The Riley School Board approved the measures through a unanimous 7-0 vote, during their Dec. 19 business session. The teachers association followed suit with an affirmative vote, one week later. Riley teachers had technically been working without a contract since last Aug. 13, and were being governed by the previous accord for payment and benefits, by default. Both sides had been meeting on a regular basis with an eye toward resolution of their differences.
“The term of the new contract will carry for one year, with the retroactive start date to deadline with a new contract prior to the first day of school in Aug. 2019,” said Riley District Superintendent Christine Conklin. “With changes in state law, there will always be grammar and wording that no one expected. Everyone put their hearts into it, and got it done, so during the next discussions we are aware of the language. Everyone will have the facts needed to negotiate in good faith.”
One sticking point revolved around recent amendments initiated by the Illinois Teachers’ Retirement System, and how they would be implemented within the scope of the new contract. Richelle Lagerstrom, the teachers association’s Co-President, had said the need for re-organizing was evident due to the changes made regarding their pensions.
The TRS, a state-monitored agency, oversees an “off-the-top” set percentage parceled to pension benefits, directly from an educator’s paycheck. The Illinois State Legislature altered the pension code to mandate that all retiring Tier 1 members are offered a one-time irrevocable change in the automatic annual increase to their TRS pensions, as well as an accelerated pension benefit payment.
Also, the “threshold” for employee contributions on year-to-year salary increases was reduced from 6 percent to 3 percent, when salary increases affect the member’s initial pension.
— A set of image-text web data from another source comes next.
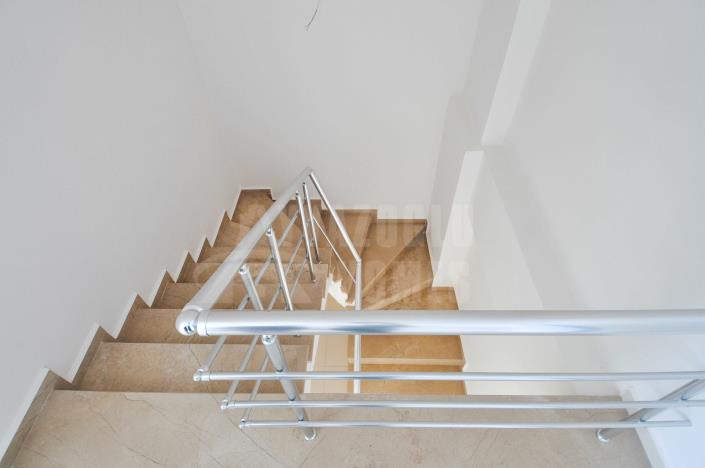 Image No.20-2 Bed Duplex for sale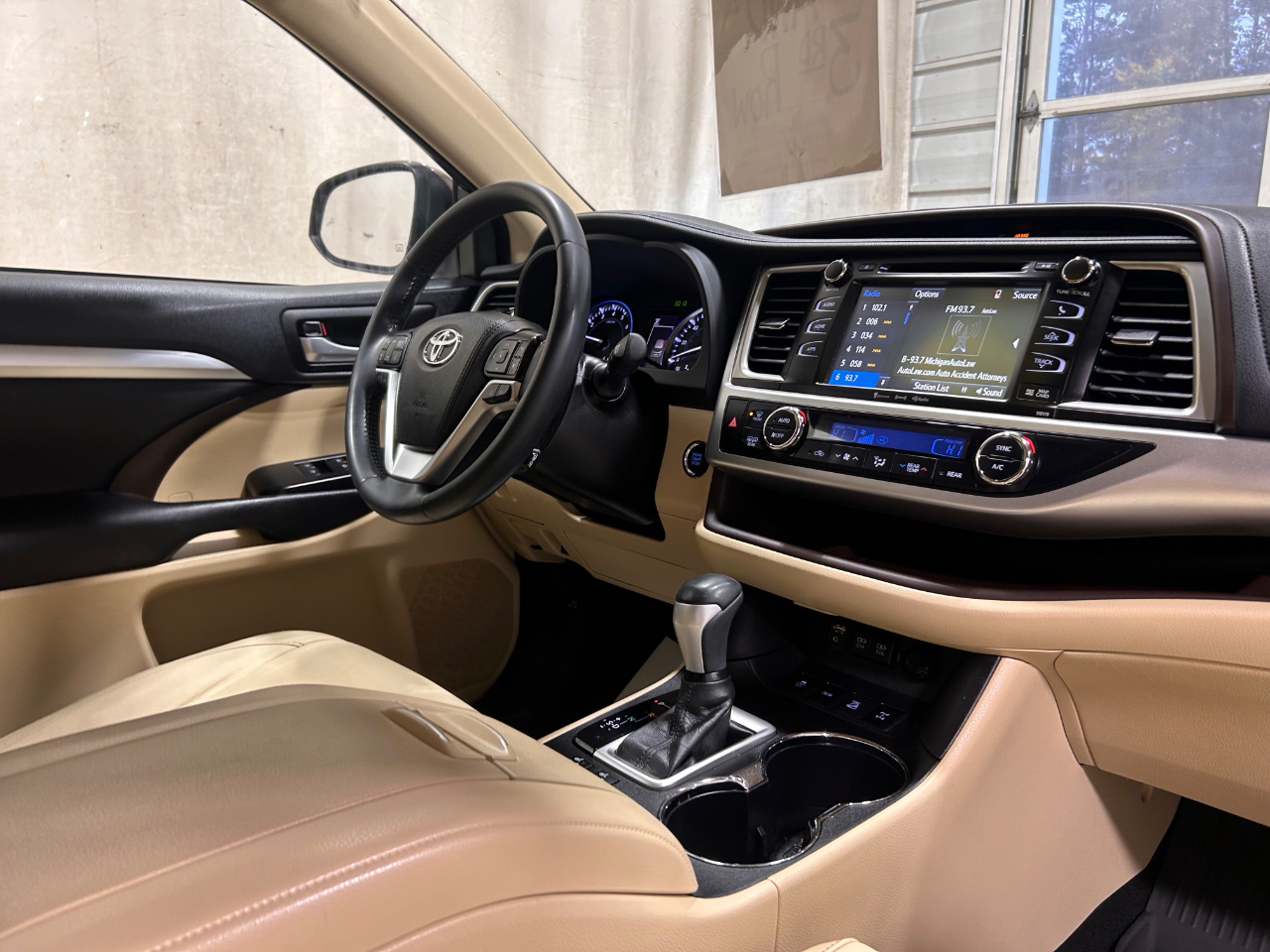 Toyota Highlander XLE V6 AWD (Natl) 2017 Toyota Highlander XLE V6 AWD (Natl) 2017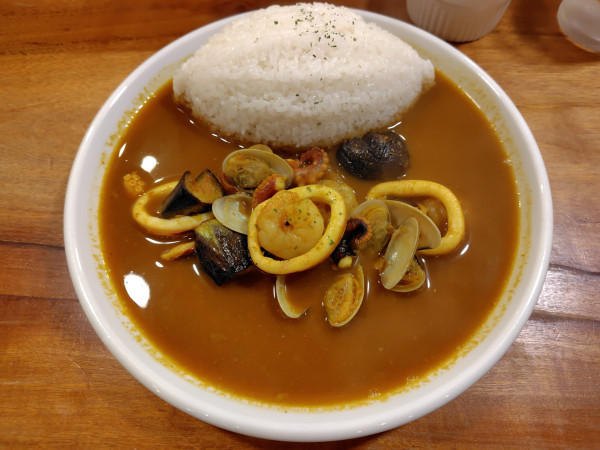 「シーフードカレー中（1辛）1070円」@スマイル工場の写真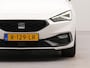 SEAT Leon Sportstourer 1.0 TSI FR Business Intense | Apple Carplay | Achteruitrij camera | Bluetooth | Cruise control |  Parkeersensoren voor en achter | Sportstoelen-stuur | Navigatie | Connected services | Spraakbediening | Start/stop syste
The question was enfolded in the main contract negotiation issue being individual pay scale changes, “lane changes,” through advanced education, which had not been applied, as in previous contracts. Lagerstrom had noted the old contract wording negatively impacted the ability for the upgrade in pay scale.
At a Nov. 19 school board meeting, audience attendees had expressed support for the concern of teachers who had pursued advanced education and not received pay increases, as well as their commitment through out-ofpocket expenses for classroom supplies that are not reimbursed. The concurrent theme raised was that the situation harmed the “family environment” and relationships between the teachers, students, and community.
'The contract was about salaries at the end, negotiating back and forth, the percentage for educational units and the dollar amounts,” said Conklin. “There was a 3 percent increase, and extra for teachers that took additional course work…and that’s pretty much where we were. When discussions begin again for the contract next Aug., we will all have the information to negotiate in good faith.”X\
Riley Consolidated District 18 is a union school serving 298 students with a teacher-to-student ratio of 13:1, which is significantly below the state average of 16:1.